Uscire dal mercato comune comporterebbe, tra le tante conseguenze, la ricostituzione di vetusti sistemi di pagamenti di dazi e tariffe, esborsi che gli operatori internazionali preferiranno evitarsi. Inoltre solo avvocati registrati in territorio Ue possono rappresentare clienti presso le corti di diritto europeo che richiedono tale titolo.
Nel contesto, la vicenda di Gina Miller illustra a quali conseguenze, anche di tipo istituzionale, possa portare l’avventurosa scelta del referendum britannico. Leggiamo che l’imprenditrice di origini guyanesi, ha chiesto all’Alta Corte di obbligare il parlamento a prendere posizione sul processo che condurrebbe il Regno Unito fuori dall’Ue, contestando al primo ministro il diritto di aprire trattative in marzo in base all’articolo 50 del trattato sull’Unione Europea senza mandato parlamentare.

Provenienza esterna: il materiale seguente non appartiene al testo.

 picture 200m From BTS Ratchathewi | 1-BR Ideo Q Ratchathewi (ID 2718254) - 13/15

Non si tratta della prima voce che abbia posto la necessità costituzionale del voto di Westminster, essendo il Regno Unito una democrazia parlamentare, non una democrazia referendaria. Miller, però, ha preso carta e penna, pagato fior fiore di costituzionalisti, e imboccato il percorso istituzionale che potrebbe mettere in crisi il progetto di May. Se l’Alta Corte dovesse darle ragione, purtroppo per gli amici britannici, si aprirebbero anche qui scenari poco confortanti, perché non è per niente certo, anzi!, che tra i rappresentanti del popolo la maggioranza sia sulle posizioni di May. E comunque emergerebbero sfaccettature e differenze che non gioverebbero certo a rendere forte l’eventuale negoziato britannico a Bruxelles. Il meno che si possa dire è che la matassa si aggroviglierebbe ancora di più.

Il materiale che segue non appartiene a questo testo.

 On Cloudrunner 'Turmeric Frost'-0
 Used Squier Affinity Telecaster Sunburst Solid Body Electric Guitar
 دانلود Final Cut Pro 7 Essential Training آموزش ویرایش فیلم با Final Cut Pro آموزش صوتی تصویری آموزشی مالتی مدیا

Dirà il futuro quale piega gli eventi prenderanno e cosa gli europei delle isole britanniche da un lato, gli europei continentali dall’altra dovranno pagare, in termini politici ed economici, alla scelta che l’attuale primo ministro sta interpretando nel modo più duro possibile, forse anche per il carico di aggressività che al tutto conferisce il ministro degli esteri Boris Johnson.
E’ almeno curioso leggere le rivelazioni di Sunday Times sullo scritto che il corpulento Bobo aveva destinato alla rubrica di sindaco londinese sul Teleghraph a febbraio, prima di arruolarsi nel fronte antieuropeista. Definiva la permanenza britannica nell’Ue “manna per il mondo e per l’Europa”. Affermava sull’Ue che “… la parcella da pagare per farne parte è bassa rispetto a tutto quello che offre; perché voltargli le spalle?”. Un britannico di altri tempi, William Shakespeare, direbbe: “There is a tide in the affairs of men, Which, taken at the flood, leads on to fortune”. Fortune? Per la carriera di Bobo certamente. Per il resto, chi vivrà vedrà.